A roundtable organised by the NFU and including Police and Crime Commissioners, the National Rural Crime Network, the National Rural Crime Unit, the Rural Services Network and farm insurers NFU Mutual has been set up to secure fairer funding for rural police forces.
Chaired by NFU vice-president Robyn Munt, the Fairer Funding Roundtable made the case that funding must accurately reflect the cost of delivering effective policing for rural communities.
NFU Mutual figures estimate that rural crime cost the UK £44.1m in 2024. While this was a decrease compared to 2023, the continuously high figures show the scale and seriousness of the issue.
The roundtable also highlighted the impact on businesses and people.
NFU Bedfordshire county chair Freya Morgan, who runs an arable farm in Bedfordshire, delivered a powerful and personal account of her own experiences, which span from hare coursing to vehicle theft. Speaking at the roundtable, she said: “Rural crime is real, we live in it, we see it. The farm is not only our place of work, it’s our home.”

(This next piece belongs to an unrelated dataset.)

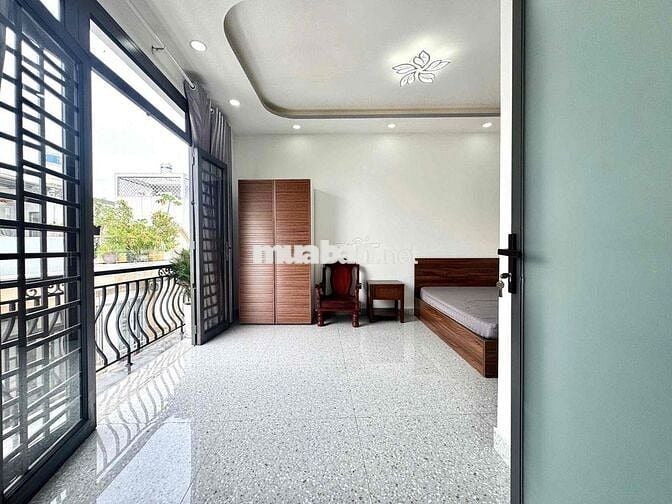 STUDIO BAN CÔNG FULL NỘI THẤT - GIÁ CHỈ 3X - NGAY NGUYỄN VĂN LƯỢNG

NFU vice-president Robyn Munt said: “Too many farm businesses across the country are targeted relentlessly by criminals who see our countryside as easy pickings. These farms are also homes. Farming families are left feeling terrified, isolated and vulnerable at the hands of these dangerous criminals.
“The roundtable was in agreement – this has to stop. Everyone has a right to feel safe in their own home, and for their businesses not to be disrupted.

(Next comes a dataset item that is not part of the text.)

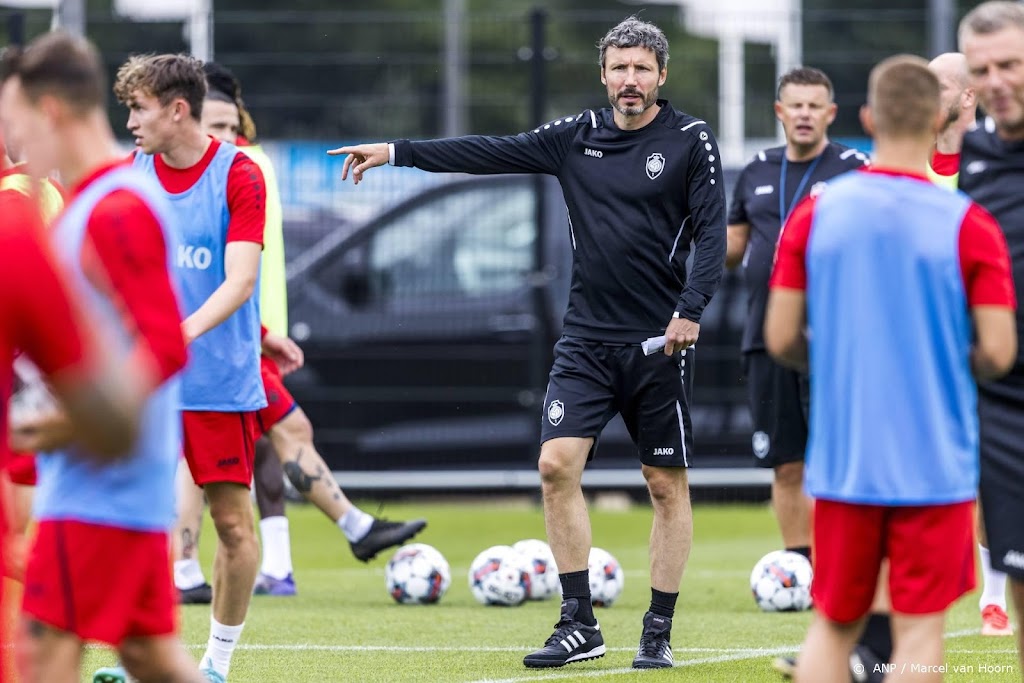 Van Bommel raakt niet in paniek van dramatische start in Luik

“We know how underfunded and overstretched rural policing currently is, and that is why the NFU is calling on the government to recognise the unique pressures facing rural police forces. Government must ensure that funding is distributed fairly so that the police can put a stop to these heinous criminals.”
Policy and Campaigns manager for the National Rural Crime Network, Stuart Hand, said: “The National Rural Crime Network welcomes the NFU roundtable and is clear: rural communities deserve a fair share of police funding. The current formula fails the countryside. We need a funding system that reflects rural demand and gives communities the policing they are entitled to.”
Police funding is primarily allocated from the Home Office, distributed through the Police Allocation Formula (PAF). This divides resources across policing activities with a specific element focused on population sparsity, which is a particular challenge for rural communities.
The formula to calculate allocations has been called outdated, using obsolete data, and is considered to no longer reflect the complexity or scale of demands on modern rural policing.